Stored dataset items
- - - - -

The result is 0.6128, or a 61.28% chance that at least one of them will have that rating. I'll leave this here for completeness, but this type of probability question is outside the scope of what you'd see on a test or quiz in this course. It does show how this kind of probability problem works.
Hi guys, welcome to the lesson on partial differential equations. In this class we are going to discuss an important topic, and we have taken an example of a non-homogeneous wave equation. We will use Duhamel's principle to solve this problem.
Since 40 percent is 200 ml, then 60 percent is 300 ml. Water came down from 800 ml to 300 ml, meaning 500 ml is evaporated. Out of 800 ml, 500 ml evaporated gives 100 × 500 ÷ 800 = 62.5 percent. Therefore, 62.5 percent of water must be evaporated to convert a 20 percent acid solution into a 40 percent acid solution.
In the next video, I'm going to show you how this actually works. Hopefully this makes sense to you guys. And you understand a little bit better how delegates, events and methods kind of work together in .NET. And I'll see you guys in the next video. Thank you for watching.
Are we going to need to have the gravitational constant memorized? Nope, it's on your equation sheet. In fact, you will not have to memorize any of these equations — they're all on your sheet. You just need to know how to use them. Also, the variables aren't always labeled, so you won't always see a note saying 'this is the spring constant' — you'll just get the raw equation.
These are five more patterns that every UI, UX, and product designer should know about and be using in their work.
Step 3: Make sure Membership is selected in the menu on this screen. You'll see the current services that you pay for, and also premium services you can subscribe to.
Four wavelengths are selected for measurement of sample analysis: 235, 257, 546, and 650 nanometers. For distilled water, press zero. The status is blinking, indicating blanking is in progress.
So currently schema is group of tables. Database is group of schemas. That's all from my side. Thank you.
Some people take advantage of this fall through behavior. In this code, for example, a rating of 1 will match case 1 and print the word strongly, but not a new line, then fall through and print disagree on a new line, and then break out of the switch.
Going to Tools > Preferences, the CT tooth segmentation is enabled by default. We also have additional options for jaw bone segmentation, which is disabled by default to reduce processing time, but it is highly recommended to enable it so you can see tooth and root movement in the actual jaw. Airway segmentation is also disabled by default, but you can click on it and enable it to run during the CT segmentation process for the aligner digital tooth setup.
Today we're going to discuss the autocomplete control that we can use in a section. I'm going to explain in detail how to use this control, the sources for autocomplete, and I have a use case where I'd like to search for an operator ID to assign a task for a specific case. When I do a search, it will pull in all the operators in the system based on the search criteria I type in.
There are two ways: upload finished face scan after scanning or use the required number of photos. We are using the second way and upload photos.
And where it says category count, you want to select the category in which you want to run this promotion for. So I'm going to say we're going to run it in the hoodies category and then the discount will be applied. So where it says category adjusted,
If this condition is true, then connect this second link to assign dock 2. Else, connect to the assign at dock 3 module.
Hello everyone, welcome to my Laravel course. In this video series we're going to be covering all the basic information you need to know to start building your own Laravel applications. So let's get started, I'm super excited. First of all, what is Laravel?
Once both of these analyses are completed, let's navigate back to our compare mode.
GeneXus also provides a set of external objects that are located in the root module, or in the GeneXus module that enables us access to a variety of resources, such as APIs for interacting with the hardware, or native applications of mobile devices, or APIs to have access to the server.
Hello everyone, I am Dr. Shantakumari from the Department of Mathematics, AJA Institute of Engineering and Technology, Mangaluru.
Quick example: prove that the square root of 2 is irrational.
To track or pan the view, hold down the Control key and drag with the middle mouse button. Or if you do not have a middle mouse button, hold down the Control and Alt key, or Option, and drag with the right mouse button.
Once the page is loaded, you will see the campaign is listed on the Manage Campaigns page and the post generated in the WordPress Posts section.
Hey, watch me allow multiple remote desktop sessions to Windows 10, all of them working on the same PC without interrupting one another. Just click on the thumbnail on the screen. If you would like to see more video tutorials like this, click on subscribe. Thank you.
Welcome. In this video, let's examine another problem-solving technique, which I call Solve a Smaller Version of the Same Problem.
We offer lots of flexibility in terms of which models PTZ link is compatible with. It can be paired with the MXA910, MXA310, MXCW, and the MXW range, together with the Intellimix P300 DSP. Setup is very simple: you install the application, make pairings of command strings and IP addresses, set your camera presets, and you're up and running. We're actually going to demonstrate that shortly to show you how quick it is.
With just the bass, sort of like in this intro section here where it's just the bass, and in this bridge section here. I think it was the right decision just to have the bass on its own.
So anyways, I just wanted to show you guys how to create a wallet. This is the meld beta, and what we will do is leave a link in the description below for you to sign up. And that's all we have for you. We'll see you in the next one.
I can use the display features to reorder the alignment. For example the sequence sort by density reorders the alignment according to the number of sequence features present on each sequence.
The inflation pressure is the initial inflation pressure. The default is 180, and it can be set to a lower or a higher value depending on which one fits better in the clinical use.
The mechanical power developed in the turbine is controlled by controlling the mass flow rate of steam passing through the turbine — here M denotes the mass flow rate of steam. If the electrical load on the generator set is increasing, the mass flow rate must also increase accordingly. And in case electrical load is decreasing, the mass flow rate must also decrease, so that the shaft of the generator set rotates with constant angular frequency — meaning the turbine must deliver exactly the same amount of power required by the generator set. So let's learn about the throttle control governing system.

- - - - -

# TASK:
Every entry is to be restated word for word.

# EXERCISE ANSWER:
The result is 0.6128, or a 61.28% chance that at least one of them will have that rating. I'll leave this here for completeness, but this type of probability question is outside the scope of what you'd see on a test or quiz in this course. It does show how this kind of probability problem works.
Hi guys, welcome to the lesson on partial differential equations. In this class we are going to discuss an important topic, and we have taken an example of a non-homogeneous wave equation. We will use Duhamel's principle to solve this problem.
Since 40 percent is 200 ml, then 60 percent is 300 ml. Water came down from 800 ml to 300 ml, meaning 500 ml is evaporated. Out of 800 ml, 500 ml evaporated gives 100 × 500 ÷ 800 = 62.5 percent. Therefore, 62.5 percent of water must be evaporated to convert a 20 percent acid solution into a 40 percent acid solution.
In the next video, I'm going to show you how this actually works. Hopefully this makes sense to you guys. And you understand a little bit better how delegates, events and methods kind of work together in .NET. And I'll see you guys in the next video. Thank you for watching.
Are we going to need to have the gravitational constant memorized? Nope, it's on your equation sheet. In fact, you will not have to memorize any of these equations — they're all on your sheet. You just need to know how to use them. Also, the variables aren't always labeled, so you won't always see a note saying 'this is the spring constant' — you'll just get the raw equation.
These are five more patterns that every UI, UX, and product designer should know about and be using in their work.
Step 3: Make sure Membership is selected in the menu on this screen. You'll see the current services that you pay for, and also premium services you can subscribe to.
Four wavelengths are selected for measurement of sample analysis: 235, 257, 546, and 650 nanometers. For distilled water, press zero. The status is blinking, indicating blanking is in progress.
So currently schema is group of tables. Database is group of schemas. That's all from my side. Thank you.
Some people take advantage of this fall through behavior. In this code, for example, a rating of 1 will match case 1 and print the word strongly, but not a new line, then fall through and print disagree on a new line, and then break out of the switch.
Going to Tools > Preferences, the CT tooth segmentation is enabled by default. We also have additional options for jaw bone segmentation, which is disabled by default to reduce processing time, but it is highly recommended to enable it so you can see tooth and root movement in the actual jaw. Airway segmentation is also disabled by default, but you can click on it and enable it to run during the CT segmentation process for the aligner digital tooth setup.
Today we're going to discuss the autocomplete control that we can use in a section. I'm going to explain in detail how to use this control, the sources for autocomplete, and I have a use case where I'd like to search for an operator ID to assign a task for a specific case. When I do a search, it will pull in all the operators in the system based on the search criteria I type in.
There are two ways: upload finished face scan after scanning or use the required number of photos. We are using the second way and upload photos.
And where it says category count, you want to select the category in which you want to run this promotion for. So I'm going to say we're going to run it in the hoodies category and then the discount will be applied. So where it says category adjusted,
If this condition is true, then connect this second link to assign dock 2. Else, connect to the assign at dock 3 module.
Hello everyone, welcome to my Laravel course. In this video series we're going to be covering all the basic information you need to know to start building your own Laravel applications. So let's get started, I'm super excited. First of all, what is Laravel?
Once both of these analyses are completed, let's navigate back to our compare mode.
GeneXus also provides a set of external objects that are located in the root module, or in the GeneXus module that enables us access to a variety of resources, such as APIs for interacting with the hardware, or native applications of mobile devices, or APIs to have access to the server.
Hello everyone, I am Dr. Shantakumari from the Department of Mathematics, AJA Institute of Engineering and Technology, Mangaluru.
Quick example: prove that the square root of 2 is irrational.
To track or pan the view, hold down the Control key and drag with the middle mouse button. Or if you do not have a middle mouse button, hold down the Control and Alt key, or Option, and drag with the right mouse button.
Once the page is loaded, you will see the campaign is listed on the Manage Campaigns page and the post generated in the WordPress Posts section.
Hey, watch me allow multiple remote desktop sessions to Windows 10, all of them working on the same PC without interrupting one another. Just click on the thumbnail on the screen. If you would like to see more video tutorials like this, click on subscribe. Thank you.
Welcome. In this video, let's examine another problem-solving technique, which I call Solve a Smaller Version of the Same Problem.
We offer lots of flexibility in terms of which models PTZ link is compatible with. It can be paired with the MXA910, MXA310, MXCW, and the MXW range, together with the Intellimix P300 DSP. Setup is very simple: you install the application, make pairings of command strings and IP addresses, set your camera presets, and you're up and running. We're actually going to demonstrate that shortly to show you how quick it is.
With just the bass, sort of like in this intro section here where it's just the bass, and in this bridge section here. I think it was the right decision just to have the bass on its own.
So anyways, I just wanted to show you guys how to create a wallet. This is the meld beta, and what we will do is leave a link in the description below for you to sign up. And that's all we have for you. We'll see you in the next one.
I can use the display features to reorder the alignment. For example the sequence sort by density reorders the alignment according to the number of sequence features present on each sequence.
The inflation pressure is the initial inflation pressure. The default is 180, and it can be set to a lower or a higher value depending on which one fits better in the clinical use.
The mechanical power developed in the turbine is controlled by controlling the mass flow rate of steam passing through the turbine — here M denotes the mass flow rate of steam. If the electrical load on the generator set is increasing, the mass flow rate must also increase accordingly. And in case electrical load is decreasing, the mass flow rate must also decrease, so that the shaft of the generator set rotates with constant angular frequency — meaning the turbine must deliver exactly the same amount of power required by the generator set. So let's learn about the throttle control governing system.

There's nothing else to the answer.